In recent years, a small group of scholars (29) has been investigating Romani history from a more scientific perspective, and the first new findings in the field since the 1920s are being made. Their technique has been to take the various historical and geographical possibilities and to match them with evidence found in the Romani language itself. The picture which is emerging indicates that the ancestors of the Rroma were a composite population from the very beginning, who were deliberately assembled into a military force to resist the spread of Islam into India. This is how we arrive at these conclusions. Two of the Romani words for "non-Gypsy" are gadjo, which comes from an earlier form gajjha, meaning "civilian, non-military," and das, which in India means "prisoner of war, captive, slave." Words in the Romani vocabulary such as "sword," "spear," "battlecry," "horse," "fight," "gaiters" (xanrro, bust, chingar, khuro, kuriben, patava) are Indian; and were not acquired later from other languages. Words for metalworking and agriculture, on the other hand, are all foreign adoptions. Romani has linguistic features in its grammar, vocabulary and sounds which point to an exodus at the beginning of the early Middle Indian period, not during the Old Indian period, and so a movement out of India before ca. AD 1000 could not have taken place. This means that the story about the fifth-century musicians must apply to quite a different Indian migration, not the migration of the ancestors of the Rroma. We can also determine the route by looking at the sources of the Romani vocabulary. While it is basically Indic, there has been a substantial acquisition of Dardic words, especially from a language called Phalura, as well as a small number apparently from Burushaski, a non-Indic, non-Dardic language spoken only in a small area of the Hindu Kush. Because Dardic and Burushaski words exist in Romani, the migration out of India could only have been through the areas in which they were spoken.

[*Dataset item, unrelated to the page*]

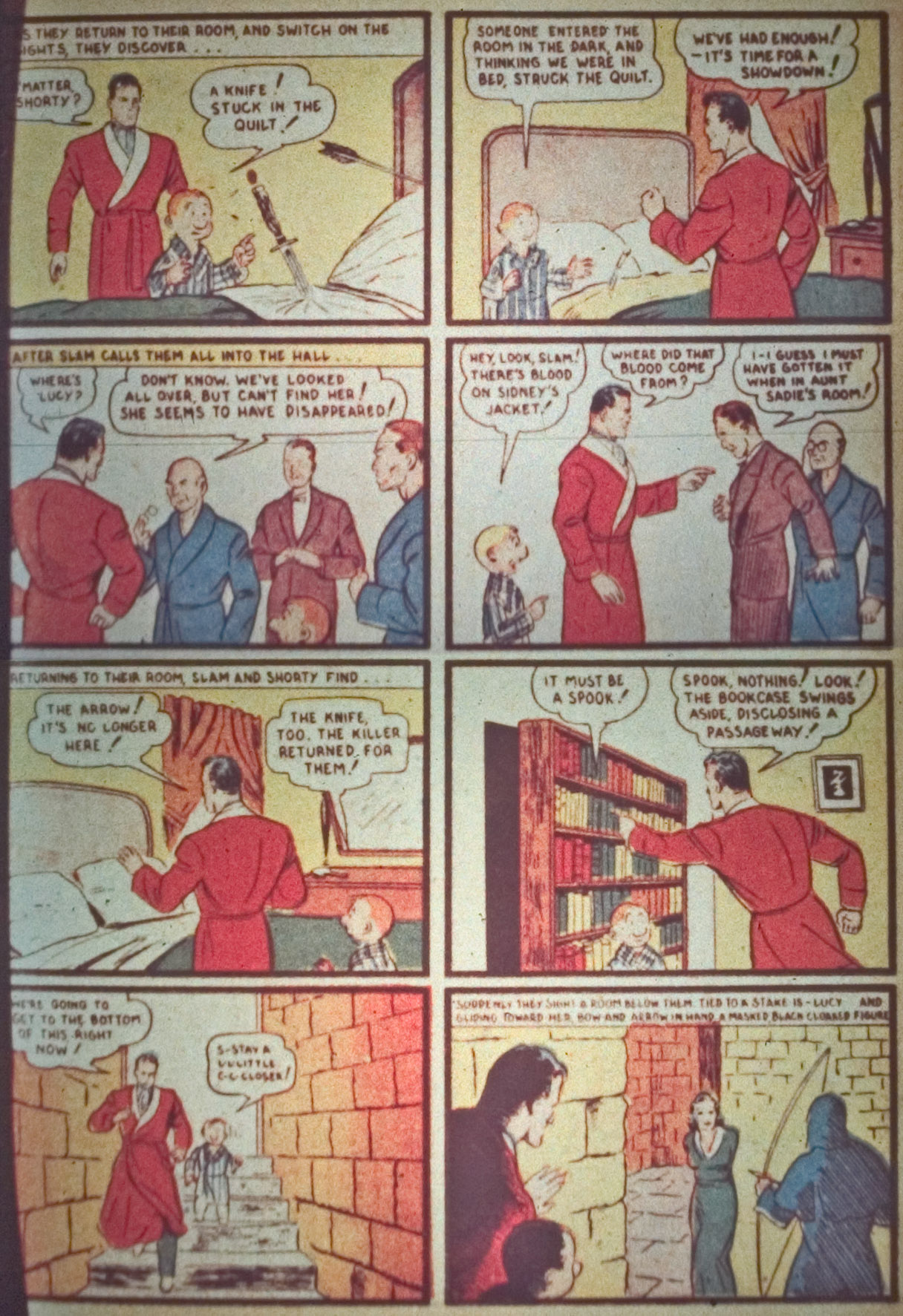 Read online Detective Comics (1937) comic -  Issue #28 - 65
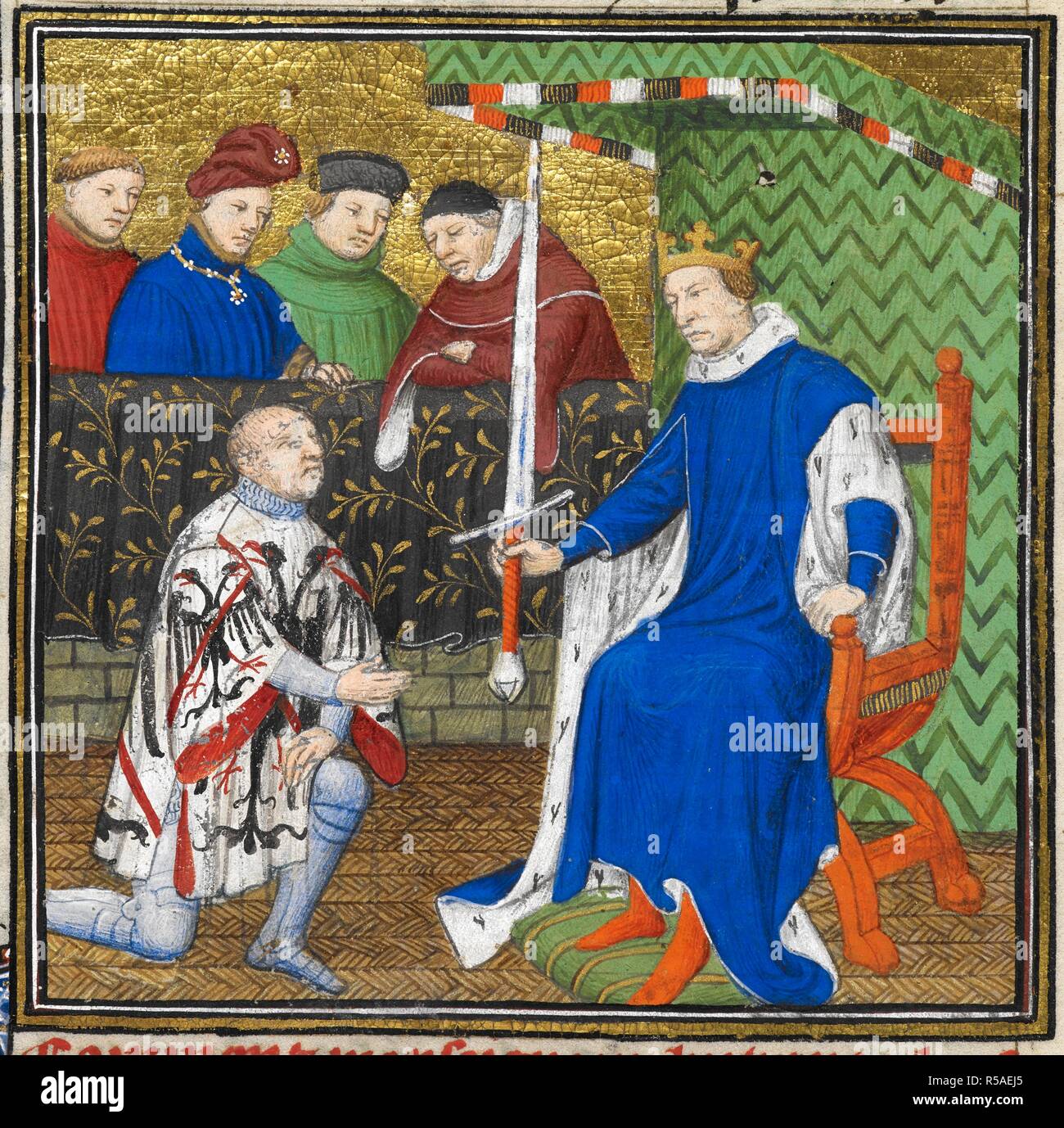 Bertrand du guesclin 1320 1380 Fotos und Bildmaterial in hoher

We then have to examine the map to see what possible routes led from here through the mountains to the West. The passes far enough north to match the linguistic factors are at Baroghil and Shandur from here, routes lead down to the Silk Road which runs westwards south of the Caspian Sea. There are two words in Romani for "silk," phanrr and kez again, both of them native Indian terms. The fact that there is practically no influence on Romani from the Truck languages or from Arabic also helps us to determine the route taken, which was along the western shore of the Caspian, because of the Iranian languages represented, and across the southern Caucasus, because of the Armenian, Georgian and Ossete words in Romani, and through the Byzantine Empire — probably along the northern Turkish coast — where Greek items began to be acquired, into Europe. We can also pinpoint the time of departure from India, because while there were seventeen Muslim raids between AD 1001 and AD 1027, only two of them took place in the area which matches the linguistic evidence: in 1013 and again in 1015 at Lohkot, in Kashmir. The existence of a Mongol word (mangin, "treasure") in Romani places the migration through the eastern Byzantine Empire at no earlier than AD 1250, which is when the Golden Horde first became a presence there (30).